The Case Of The Burning Golf Trolley

In these dark days of January, thoughts tend to drift longingly to sunnier climes, and in Olaf’s words “a drink in my hand, Prob'ly getting gorgeously tanned in summer”.  In Scotland, one particular appeal is those long summer evenings when a game of golf after hours becomes a prospect.  So a case about just such a setting grabbed my attention.  And when it also involves a claim under the Consumer Protection Act (CPA), of which they are remarkably few in Scotland, it is likely to be seized upon by product liability practitioners north – and maybe south - of the border.

The case is useful to those involved in advising manufacturers of electrical goods, and on property damage caused by allegedly defective goods.  It involved Renfrew Golf Club against a supplier of golf trolleys called Motocaddy.  A club member left his golf trolley in the locker room overnight.  It caught fire and caused extensive damage to the club house, as well as financial losses for business interruption, lost green fees and loss of bar takings.  All in all, the claim was for a little over half a million pounds.  A sizeable sum in this context.

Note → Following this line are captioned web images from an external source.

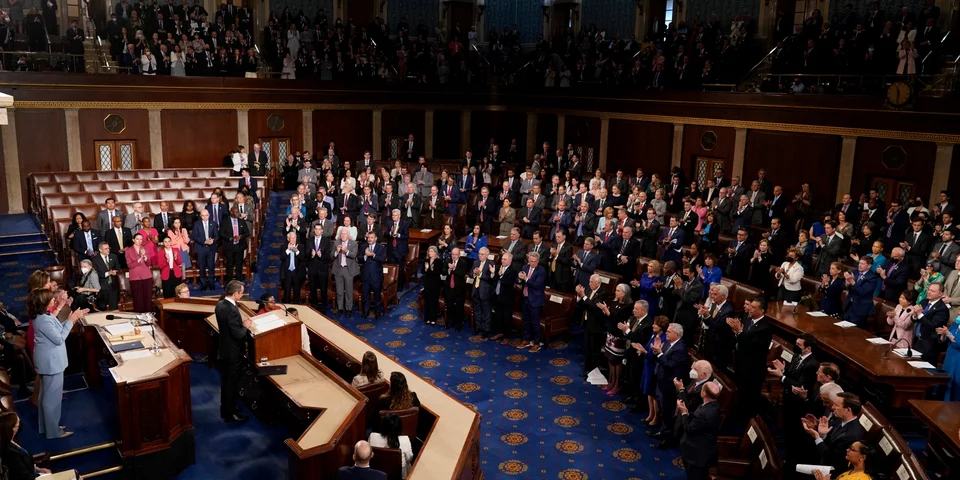 Όρθια τα μέλη του Κογκρέσου χειροκροτούν τον Κυριάκο Μητσοτάκη / Φωτογραφία: AP/Evan Vucci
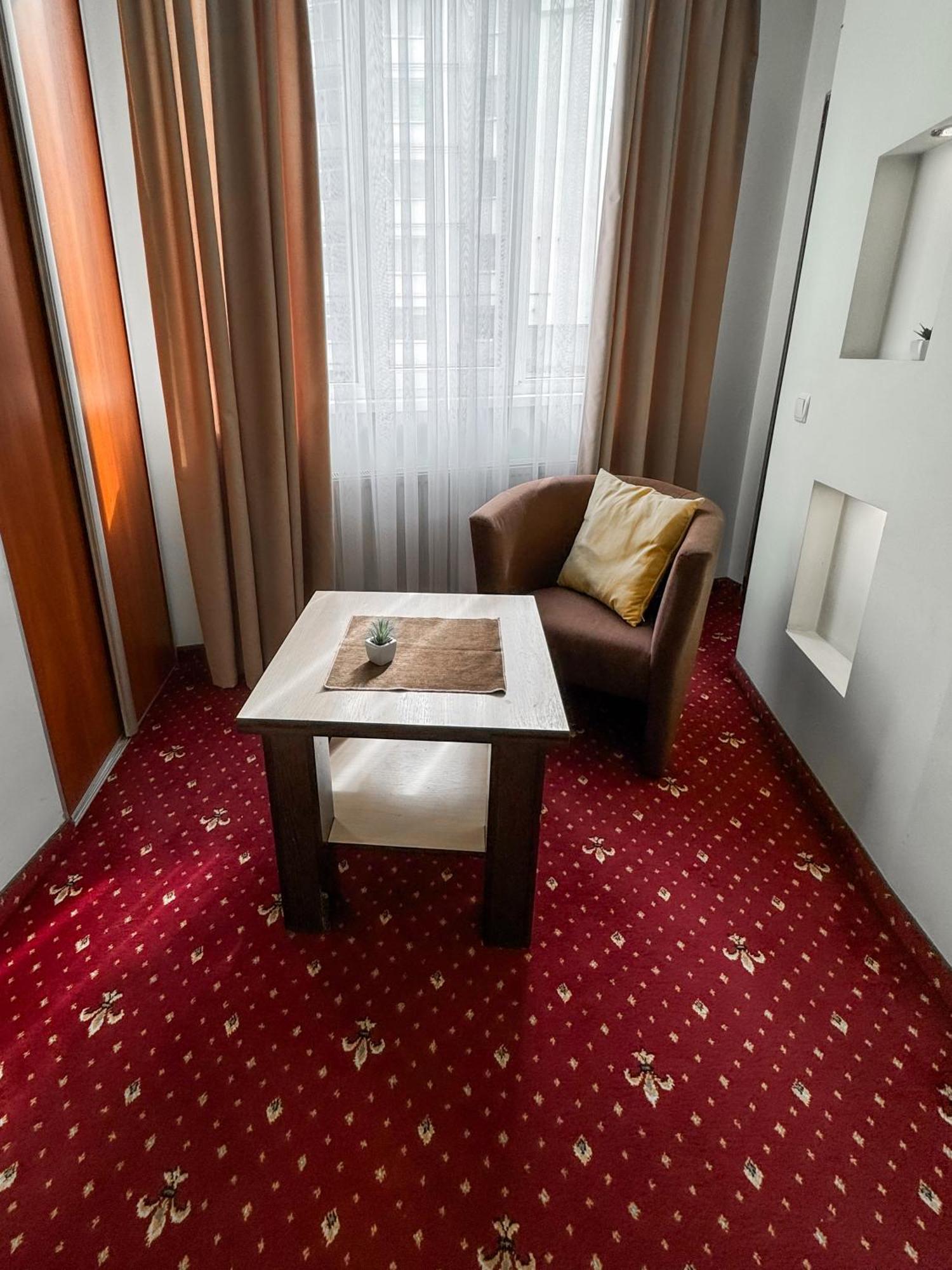 Apartments Deluxe Ivano-Frankivsk Ngoại thất bức ảnh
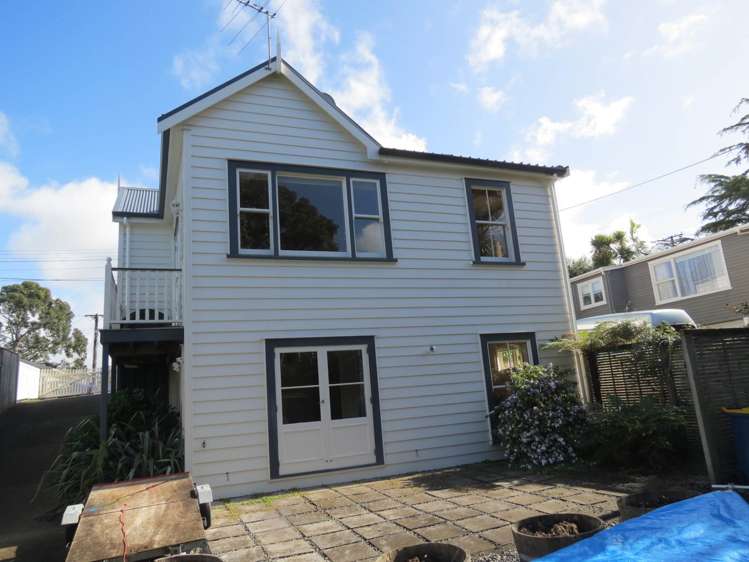 29 Hastings Parade Devonport_14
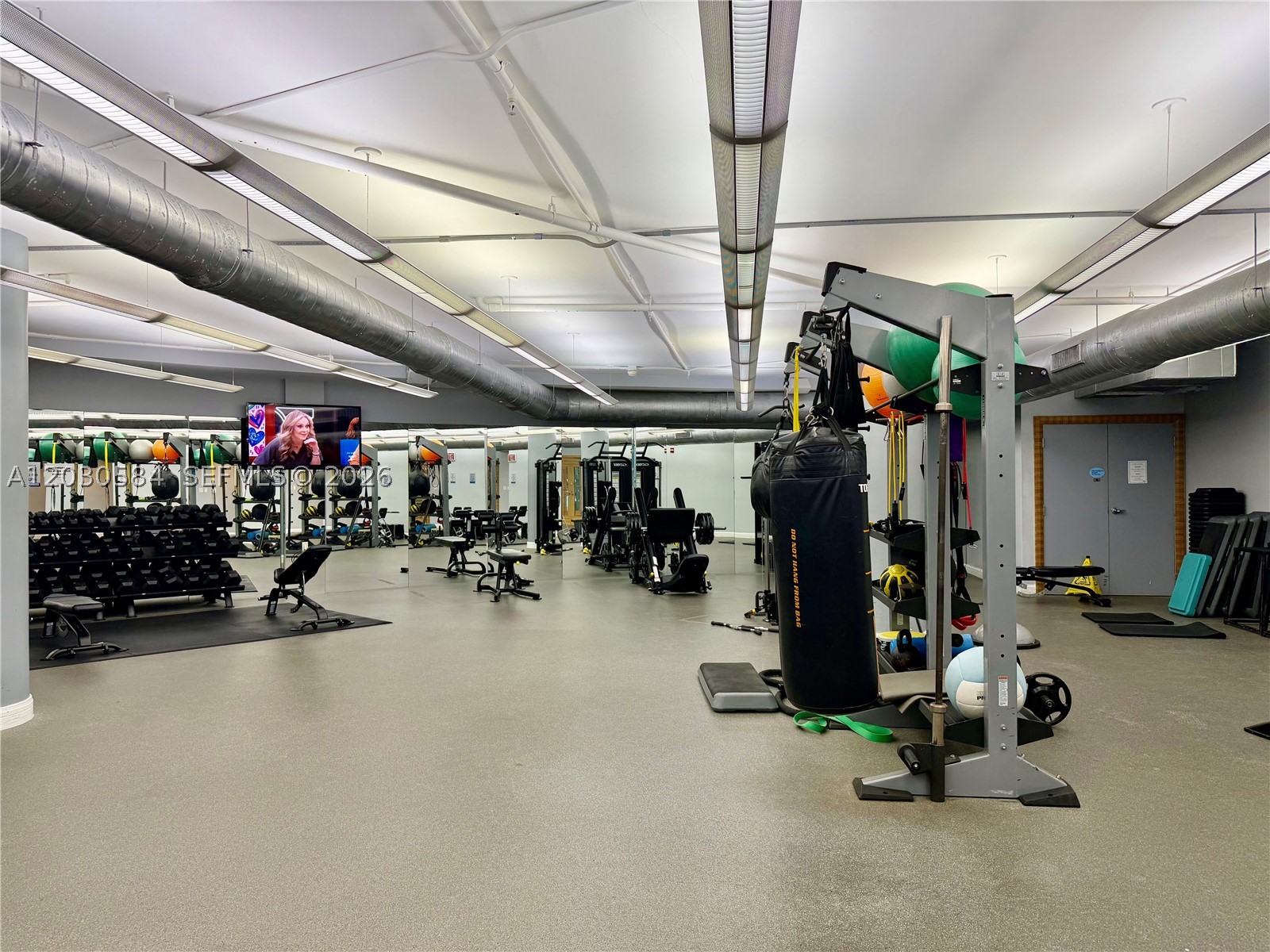 244 Biscayne Blvd #2105, Miami FL 33132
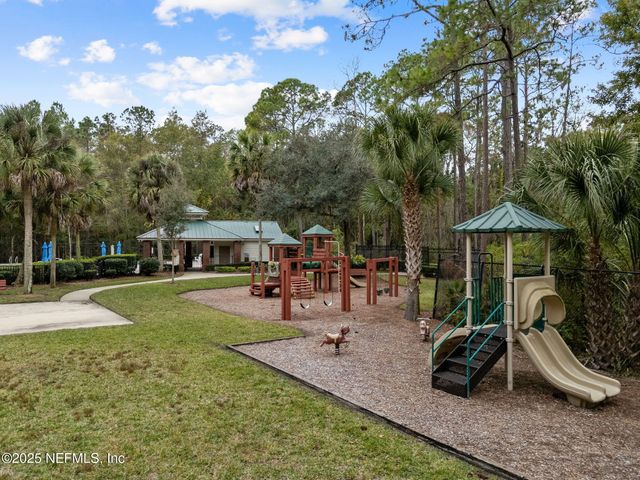 8016 WANDERING DEER Court, Jacksonville, FL 32256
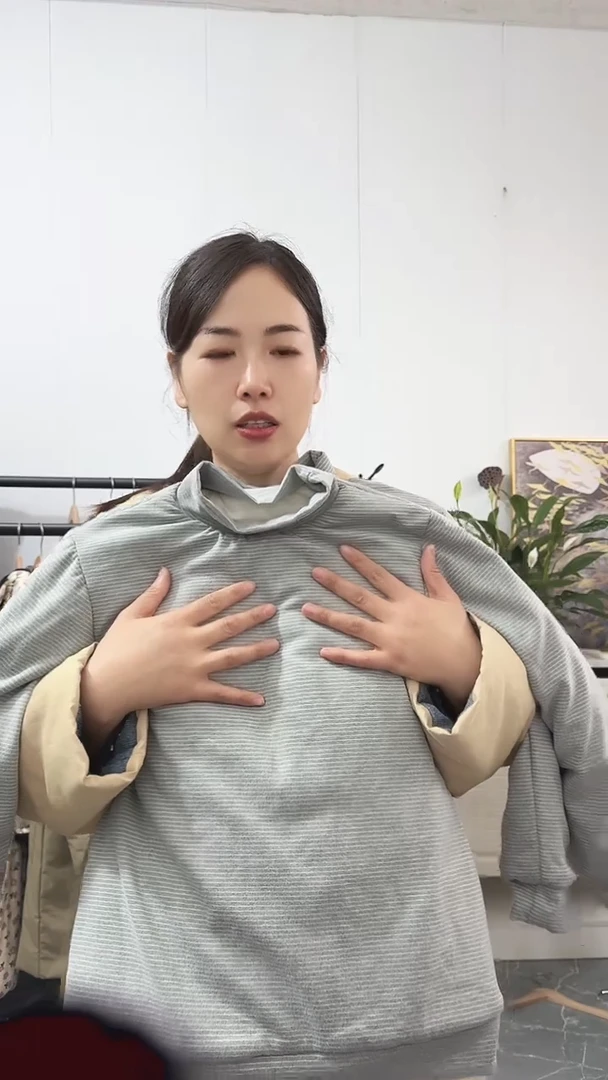 灰色条纹棉花衣儿童套头60斤左右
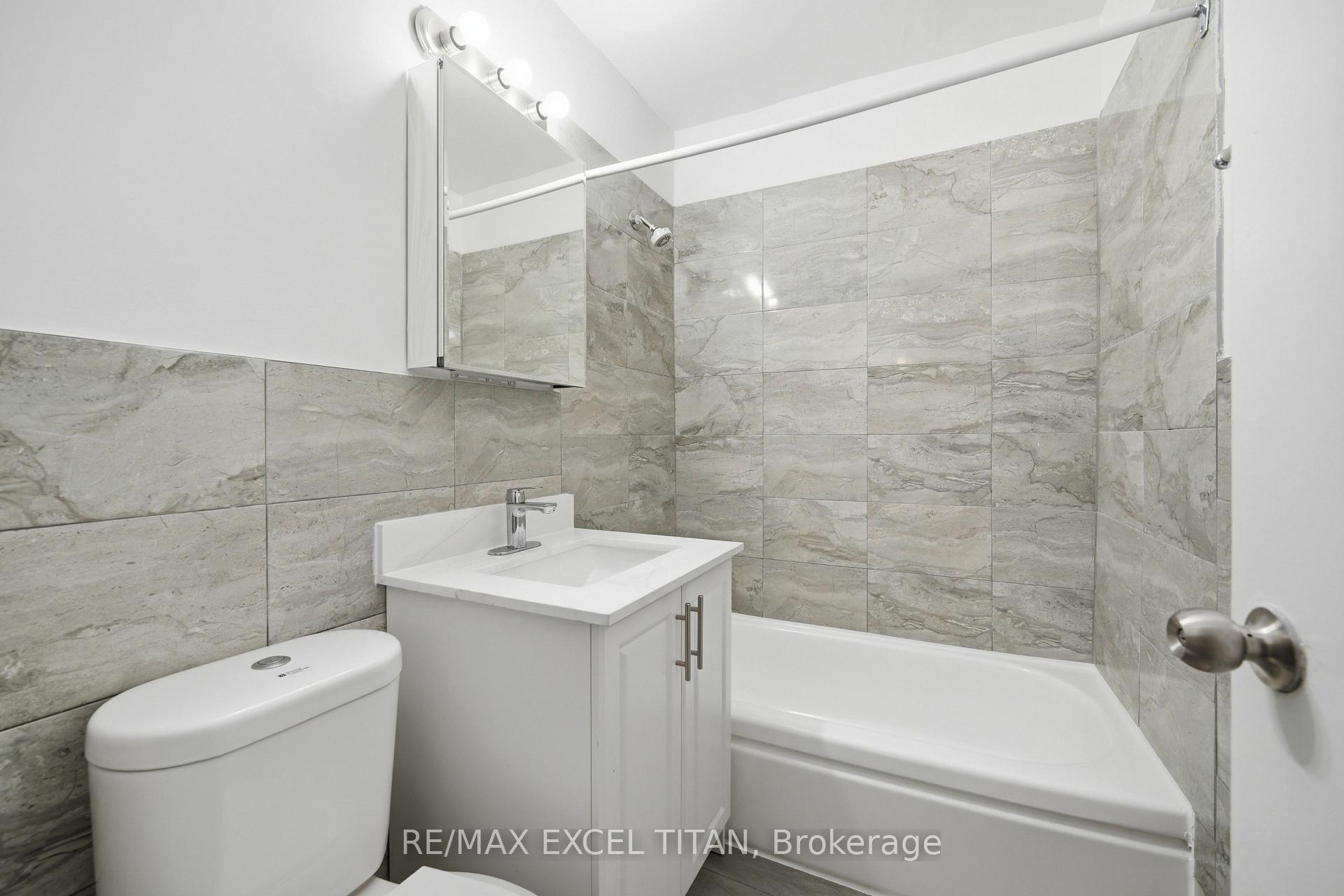 Photo 19 of Unit 108, 2895 Bathurst Street, Toronto, Bedford Park-Nortown — HOMEH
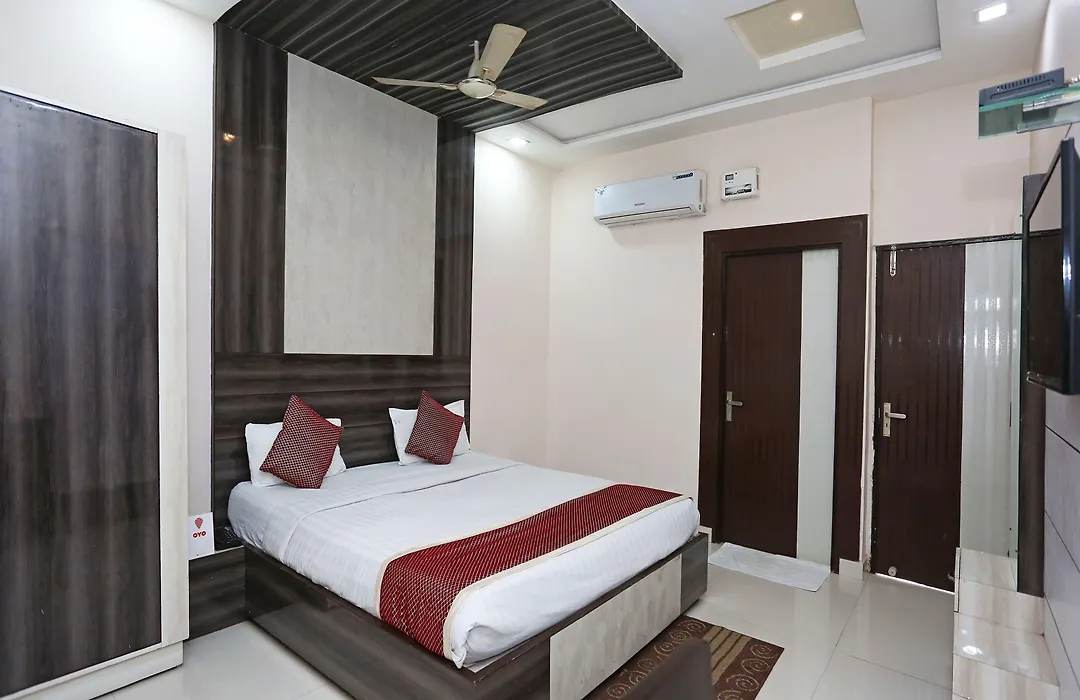 Oyo 3202 Hotel Gayatri Residency-1
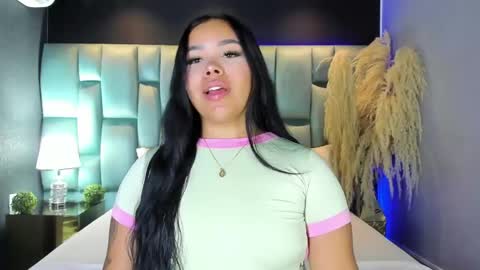 Snapshot of martinagarcia__ chatting on 04.18.26 Martina Garcia online show from 04.18.26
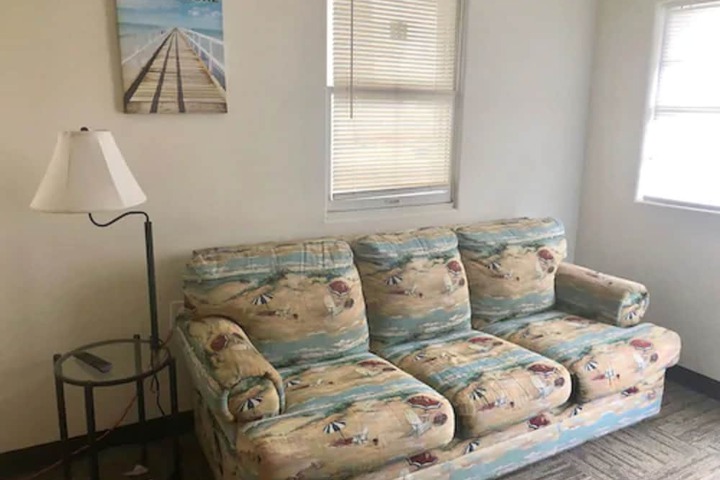 Room 18 of 31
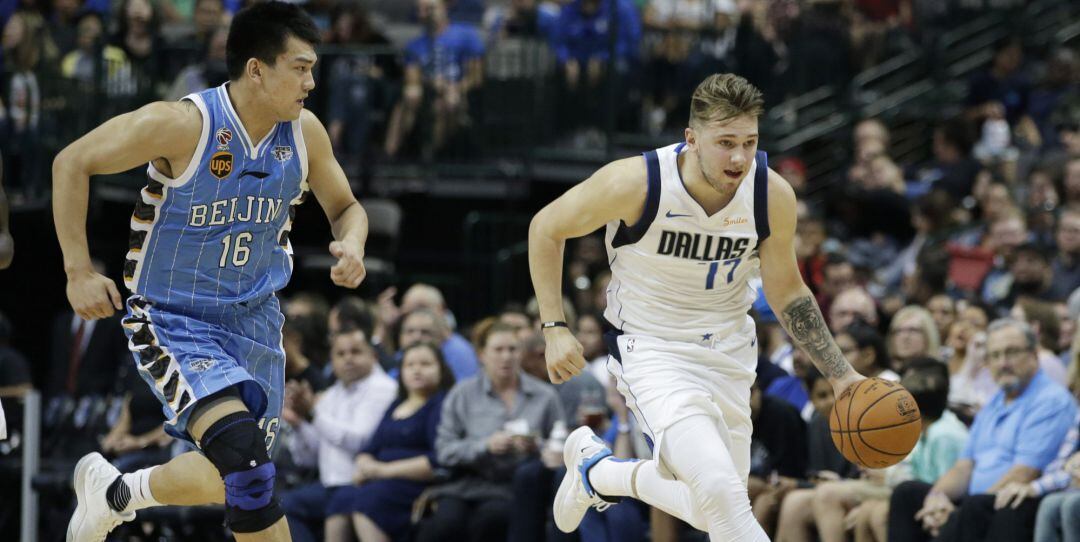 Luka Doncic, durante su debut con los Mavericks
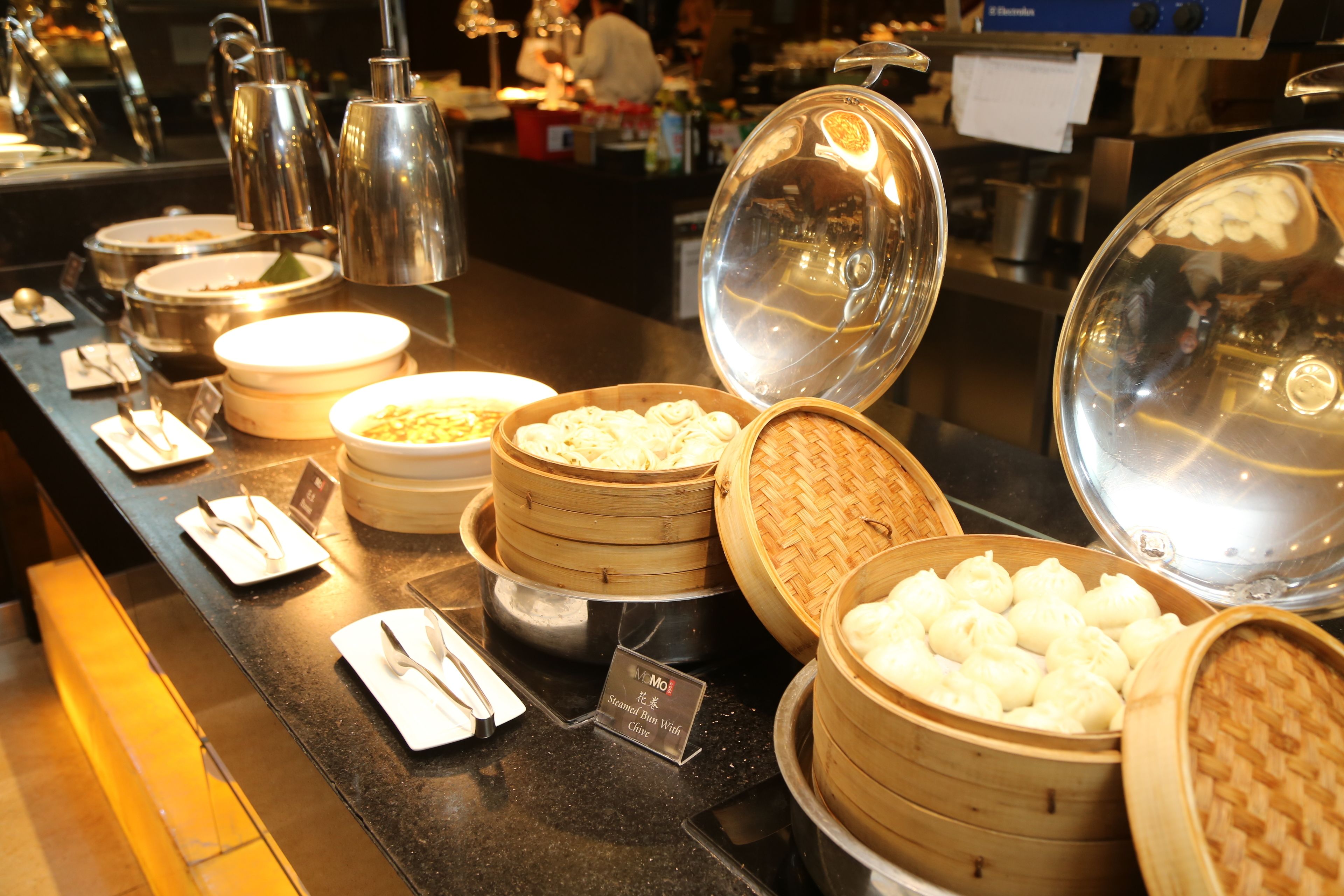 Een buffet met diverse gerechten en bestek.
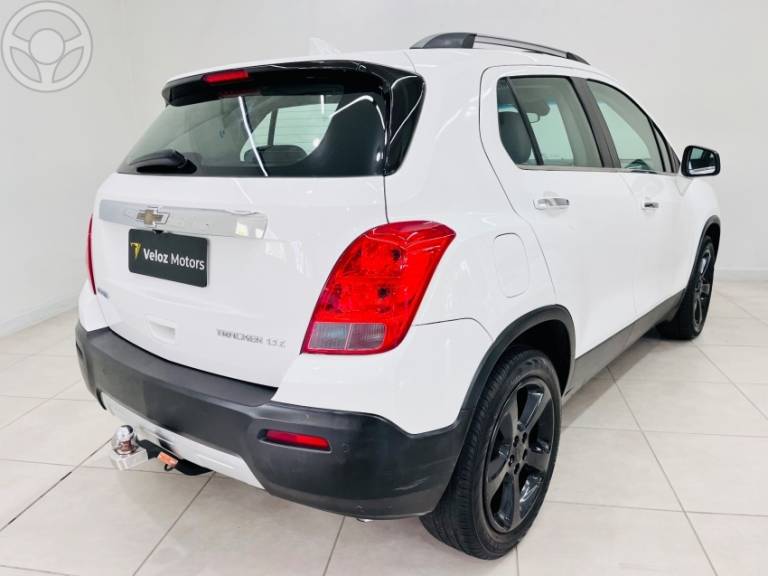 CHEVROLET - TRACKER 1.8 MPFI LTZ 4X2 16V FLEX 4P AUTOMÁTICO - 2014/2015 - BRANCA - R$ 74.990,00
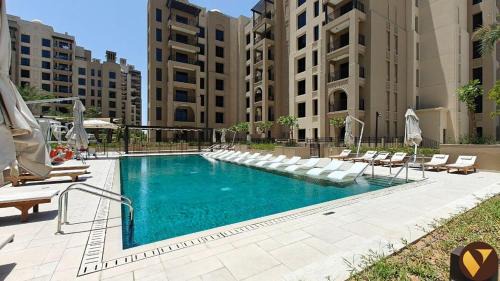 Umm Suqeim 3 Apartment | Vogue Madinat Jumeirah Living with Pool View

The golf club must have thought in the circumstances they had some prospect of success.  The trolley was marketed under Motocaddy’s name, although not manufactured by them.  Allegedly it did not comply with the relevant British Standard or the EU Machinery Directive.  The CE mark was applied apparently without any checking of safety by Motorcaddy. 

Despite this, the claim was dismissed.

The claim under the CPA would not succeed as the club house was not “of a description of property ordinarily intended for private use, occupation or consumption” (s.5(3)(a) CPA).  It was used for a material amount of economic and commercial activity (the clubhouse, bar and catering facilities, public hire of the lounge and dining areas and so on).  There were 700 members of the club.

The claimant’s common law claim was also dismissed as no duty of care could be established on the part of Motocaddy.  Motocaddy had not supplied the product to the owner, and had no control over the various events that led to the fire, including its maintenance, use, or storage.  The owner had changed the original battery and had left the trolley in the ‘on’ position.  For the same reasons, it would not be fair, just and reasonable (remember those inimitable words!) to impose a duty of care on Motocaddy.

Perhaps the judge had just had a bad round.  But at least we’ve got a few months to sort out the swing before the golfing calendar gets going.